Of course they add the entries in different orders. We have to sort them before comparing the lists. If you can have more than 9 children, pad the numbers with leading zeros to make the strings sort right.

Here's a node that makes such a list. It was a few minutes work; it puts a zero on the end for its own number of children (that's a feature for one-node trees) and doesn't put in the dots. I'll leave that to the reader along with sorting and comparing the two lists.

I used insertion-order-preserving linked lists and sets to facilitate unit testing. Some kind of sorting List for the results would be a nice feature. A sorting Set is right out becuse it doesn't allow duplicates.
[ May 19, 2005: Message edited by: Stan James ]

Byron Estes
Ranch Hand
Posts: 313
You could put the result in a hash table where the path signature/pattern is the key and the value is the number of times the path signature/pattern occured in the tree. This could be put into an class where you override the
the equals method to allow/encapsulate the comparison.

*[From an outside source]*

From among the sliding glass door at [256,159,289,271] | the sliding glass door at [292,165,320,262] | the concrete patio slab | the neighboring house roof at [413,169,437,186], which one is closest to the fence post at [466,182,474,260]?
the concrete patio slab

...or if you want to make it really fast you could build a master path pattern for the entire tree by sorting the path signatures by their occurence (primary) and then by their signature pattern itself (secondary). If you then built a string out of them in this order, you have what I think would be a decent key that you could then store in a database with your flows, images etc. Then you could evaluate a situation, build it's key and then use the power of the database to find various alternatives.